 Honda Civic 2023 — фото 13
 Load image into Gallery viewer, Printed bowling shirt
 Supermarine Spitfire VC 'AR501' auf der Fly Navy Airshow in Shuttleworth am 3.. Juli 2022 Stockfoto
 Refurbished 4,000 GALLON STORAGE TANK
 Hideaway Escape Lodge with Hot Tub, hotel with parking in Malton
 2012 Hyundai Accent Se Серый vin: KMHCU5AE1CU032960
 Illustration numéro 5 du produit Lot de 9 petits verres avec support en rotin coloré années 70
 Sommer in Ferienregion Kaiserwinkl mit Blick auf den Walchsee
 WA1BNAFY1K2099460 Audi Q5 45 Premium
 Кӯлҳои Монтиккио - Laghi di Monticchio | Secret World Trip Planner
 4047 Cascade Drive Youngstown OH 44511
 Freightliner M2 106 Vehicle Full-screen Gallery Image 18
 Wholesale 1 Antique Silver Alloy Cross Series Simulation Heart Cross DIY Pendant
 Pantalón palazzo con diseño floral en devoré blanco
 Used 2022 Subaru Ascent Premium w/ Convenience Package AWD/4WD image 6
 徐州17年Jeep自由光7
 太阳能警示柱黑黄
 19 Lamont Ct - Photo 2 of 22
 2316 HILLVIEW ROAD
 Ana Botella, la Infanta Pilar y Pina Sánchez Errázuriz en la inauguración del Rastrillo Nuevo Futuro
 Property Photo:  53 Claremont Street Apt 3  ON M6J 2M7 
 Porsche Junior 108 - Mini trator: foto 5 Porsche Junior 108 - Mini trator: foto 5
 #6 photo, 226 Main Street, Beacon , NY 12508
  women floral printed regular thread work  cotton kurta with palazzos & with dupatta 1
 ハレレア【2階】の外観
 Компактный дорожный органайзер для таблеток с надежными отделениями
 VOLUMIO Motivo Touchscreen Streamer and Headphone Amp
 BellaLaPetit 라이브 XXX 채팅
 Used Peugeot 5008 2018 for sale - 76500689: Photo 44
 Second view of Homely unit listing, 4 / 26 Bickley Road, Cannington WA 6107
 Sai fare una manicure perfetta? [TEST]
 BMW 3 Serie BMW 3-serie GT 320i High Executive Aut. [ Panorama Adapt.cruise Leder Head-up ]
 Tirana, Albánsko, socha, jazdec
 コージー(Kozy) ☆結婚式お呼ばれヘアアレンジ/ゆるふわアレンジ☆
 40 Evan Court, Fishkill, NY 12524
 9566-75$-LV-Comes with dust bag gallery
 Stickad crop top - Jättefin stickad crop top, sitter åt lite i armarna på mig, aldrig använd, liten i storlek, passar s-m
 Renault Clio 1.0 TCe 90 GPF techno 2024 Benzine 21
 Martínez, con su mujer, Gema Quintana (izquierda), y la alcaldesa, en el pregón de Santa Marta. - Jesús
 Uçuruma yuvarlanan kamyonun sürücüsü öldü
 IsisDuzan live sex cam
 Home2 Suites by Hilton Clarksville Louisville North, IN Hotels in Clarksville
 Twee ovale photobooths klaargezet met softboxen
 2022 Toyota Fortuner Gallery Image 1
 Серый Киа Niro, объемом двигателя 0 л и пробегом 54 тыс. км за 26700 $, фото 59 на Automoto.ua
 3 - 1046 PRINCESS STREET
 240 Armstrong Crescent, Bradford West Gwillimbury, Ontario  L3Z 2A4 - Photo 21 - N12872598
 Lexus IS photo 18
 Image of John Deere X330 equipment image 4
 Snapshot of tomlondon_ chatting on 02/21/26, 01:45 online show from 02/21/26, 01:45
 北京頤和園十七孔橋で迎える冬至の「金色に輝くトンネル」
##############################
* How to complete this task *
Taking the records above, retype every line from the one with "Stickad crop top - Jättefin" down to the one with "Martínez, con su", exactly and with nothing else.

* Result of this task *
 Stickad crop top - Jättefin stickad crop top, sitter åt lite i armarna på mig, aldrig använd, liten i storlek, passar s-m
 Renault Clio 1.0 TCe 90 GPF techno 2024 Benzine 21
 Martínez, con su mujer, Gema Quintana (izquierda), y la alcaldesa, en el pregón de Santa Marta. - Jesús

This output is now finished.